If you multiply this expression out using the distributive property a few times, you get the following:

*x*^{3} – (1 + α + β)*x*^{2} + (α + β + αβ)*x* – αβ = 0.

But we already know what cubic polynomial we should get when we multiply this out: *x*^{3} – 1. So *x*^{3} – (1 + α + β)*x*^{2} + (α + β + αβ)*x* – αβ is really *x*^{3} – 1, which means that the coefficient of *x*^{2} on the left side, 1 + α + β, has to equal the coefficient of *x*^{2} on the right side, which is 0. Thus 1 + α + β =0, and so the three third roots of unity sum to 0.

This argument generalizes and produces one of “Vieta’s formulas,” which are famous results that relate the roots of a polynomial to its coefficients. One of Vieta’s formulas says that, in a polynomial that begins with *x*^{n}, the sum of the roots of the polynomial will always be the negation of the coefficient of *x*^{n-1}. Since roots of unity come from polynomials of the form *x*^{n}– 1, where the coefficient of *x*^{n-1} is always 0, Vieta’s formula tells us that the sum of the *n*th roots of unity is 0 for any *n*.

There’s an even more remarkable algebraic result when it comes to roots of unity. For a given *n*, if α and β are two *n*th roots of unity, then α × β is also an *n*th root of unity! And if α and β are both *n*th roots of unity, then α^{n }= 1 and β^{n }= 1. So what is (α × β)^{n}?

In general you have to be careful raising complex numbers to a power, but since the *n* in the *n*th roots of unity is assumed to always be an integer, the basic rules of exponents still apply, like this one:

(α × β)^{n }= α^{n} × β^{n}^{ }.

So (α × β)^{n }= α^{n} × β^{n }= 1 × 1 = 1. This means α × β satisfies the equation *x*^{n }= 1 and so is an *n*th root of unity. For example, when *n* = 4, if you multiply the two roots of unity *i* and −1, you get another fourth root of unity: *i* × (−1) = −*i*. And when *n* = 3, you can also verify by multiplication that the two non-real roots of unity multiply to the real one: $latex \left(-\frac{1}{2}+i \frac{\sqrt{3}}{2}\right)×\left(-\frac{1}{2}-i \frac{\sqrt{3}}{2}\right)$ = 1.

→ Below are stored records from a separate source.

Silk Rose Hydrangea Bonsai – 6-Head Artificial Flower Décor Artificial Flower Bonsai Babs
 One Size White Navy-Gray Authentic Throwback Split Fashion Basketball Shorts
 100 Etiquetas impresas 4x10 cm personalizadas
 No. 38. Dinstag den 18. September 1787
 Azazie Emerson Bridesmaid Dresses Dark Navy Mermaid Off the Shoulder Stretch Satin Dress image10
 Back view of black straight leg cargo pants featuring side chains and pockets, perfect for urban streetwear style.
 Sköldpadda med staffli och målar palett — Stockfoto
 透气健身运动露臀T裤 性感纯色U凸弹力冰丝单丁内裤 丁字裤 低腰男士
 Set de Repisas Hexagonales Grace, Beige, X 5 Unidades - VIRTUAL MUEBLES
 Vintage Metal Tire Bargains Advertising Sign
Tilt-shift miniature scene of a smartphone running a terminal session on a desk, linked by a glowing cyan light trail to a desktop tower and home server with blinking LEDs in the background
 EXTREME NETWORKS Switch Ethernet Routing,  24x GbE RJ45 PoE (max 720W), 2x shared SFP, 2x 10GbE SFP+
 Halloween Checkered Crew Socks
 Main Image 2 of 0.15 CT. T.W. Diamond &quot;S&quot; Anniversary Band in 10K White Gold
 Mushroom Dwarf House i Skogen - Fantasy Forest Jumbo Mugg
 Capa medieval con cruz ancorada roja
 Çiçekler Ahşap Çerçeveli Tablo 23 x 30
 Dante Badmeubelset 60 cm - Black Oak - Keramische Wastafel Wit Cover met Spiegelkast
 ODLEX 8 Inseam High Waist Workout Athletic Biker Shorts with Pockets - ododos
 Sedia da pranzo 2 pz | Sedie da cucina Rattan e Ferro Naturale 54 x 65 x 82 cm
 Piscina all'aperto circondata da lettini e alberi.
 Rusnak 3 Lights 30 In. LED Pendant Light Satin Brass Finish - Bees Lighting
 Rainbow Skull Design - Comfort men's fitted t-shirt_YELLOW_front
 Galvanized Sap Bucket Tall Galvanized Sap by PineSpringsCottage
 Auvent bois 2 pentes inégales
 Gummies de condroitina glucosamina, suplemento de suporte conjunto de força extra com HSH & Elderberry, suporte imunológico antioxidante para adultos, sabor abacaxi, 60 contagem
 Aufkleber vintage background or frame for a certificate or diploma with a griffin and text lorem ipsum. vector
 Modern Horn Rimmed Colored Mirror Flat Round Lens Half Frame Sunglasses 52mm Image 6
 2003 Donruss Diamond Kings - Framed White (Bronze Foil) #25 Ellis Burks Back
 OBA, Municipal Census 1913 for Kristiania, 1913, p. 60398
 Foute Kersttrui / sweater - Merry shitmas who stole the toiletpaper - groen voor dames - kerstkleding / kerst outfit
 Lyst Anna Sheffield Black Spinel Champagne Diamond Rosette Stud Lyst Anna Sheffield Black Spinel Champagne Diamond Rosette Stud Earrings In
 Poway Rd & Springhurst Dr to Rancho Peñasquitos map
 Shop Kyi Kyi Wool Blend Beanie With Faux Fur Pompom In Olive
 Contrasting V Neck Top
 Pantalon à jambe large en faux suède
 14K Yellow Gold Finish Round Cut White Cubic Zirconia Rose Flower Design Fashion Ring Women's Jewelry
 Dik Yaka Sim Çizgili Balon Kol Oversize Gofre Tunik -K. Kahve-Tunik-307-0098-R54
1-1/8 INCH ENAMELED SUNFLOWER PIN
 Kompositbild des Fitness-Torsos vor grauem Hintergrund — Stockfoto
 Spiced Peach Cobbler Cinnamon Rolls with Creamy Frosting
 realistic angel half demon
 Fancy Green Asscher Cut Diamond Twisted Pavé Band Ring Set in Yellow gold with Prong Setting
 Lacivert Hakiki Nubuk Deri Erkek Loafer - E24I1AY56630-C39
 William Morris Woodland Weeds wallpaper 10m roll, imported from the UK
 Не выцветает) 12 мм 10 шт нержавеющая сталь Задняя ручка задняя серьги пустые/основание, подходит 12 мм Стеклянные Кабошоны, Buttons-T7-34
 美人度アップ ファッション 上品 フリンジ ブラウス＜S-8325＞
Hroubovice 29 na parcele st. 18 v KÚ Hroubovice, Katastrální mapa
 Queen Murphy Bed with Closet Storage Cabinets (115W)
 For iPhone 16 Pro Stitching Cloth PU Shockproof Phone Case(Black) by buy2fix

This property gives rise to an incredibly rich algebraic structure on the *n*th roots of unity: a “group” structure. A group is a set of elements (here, the *n*th roots of unity) and an operation (here, normal multiplication) that satisfies some familiar properties. One of those properties is “closure,” which we just demonstrated. This means the product of two *n*th roots of unity is always another *n*th root of unity. Another important property of groups is that inverses always exist. This means that for any *n*th root of unity there is another *n*th root of unity such that their product is 1, the multiplicative identity. For example, when *n* = 4, the inverse of *i* is −*i *since *i* × (−*i*) = −*i*^{2} = −(−1) = 1, and among the third roots of unity the inverse of $latex -\frac{1}{2}+i \frac{\sqrt{3}}{2}$ happens to be $latex -\frac{1}{2}-i \frac{\sqrt{3}}{2}$.

The study of groups is fundamental to Galois theory, an advanced field of mathematics built to study abstract algebraic structures associated with polynomials and their roots. You probably know the quadratic formula and possibly know of the cubic and quartic formulas, but there is no general formula for finding the roots of a polynomial of degree 5 or higher, and Galois theory helps unravel this mystery by studying the groups associated with the roots of polynomials.

Because the *n*th roots of unity have their own group structure, they occupy an important place in Galois theory, especially because that structure is so easy to work with. Roots-of-unity groups are always “abelian,” meaning that the order in which you multiply objects doesn’t change the result, and they are always “cyclic,” meaning that you can always generate the entire group by multiplying a single element by itself over and over.

In Galois theory, being associated with an abelian group is a very nice property for a polynomial, and the impact of the roots of unity extend well beyond just polynomials of the form *x ^{n}* − 1. It turns out that any polynomial associated with an abelian group in Galois theory has roots that can be expressed as sums of different roots of unity. In a sense, the roots of unity form the foundation of all the nice polynomials in a particular mathematical world, and generalizing the role of roots of unity to other mathematical worlds has been the goal of Hilbert’s 12th problem, one of the 23 math problems posed by David Hilbert in 1900 to guide the course of mathematical discovery for the next 100 years. Now, more than a century later, people are still working on the 12th problem, and progress is being made, but mathematicians aren’t all the way there yet. Perhaps soon they’ll get to the root of it all.

## Exercises

1. Show that the four fourth roots of unity are also eighth roots of unity.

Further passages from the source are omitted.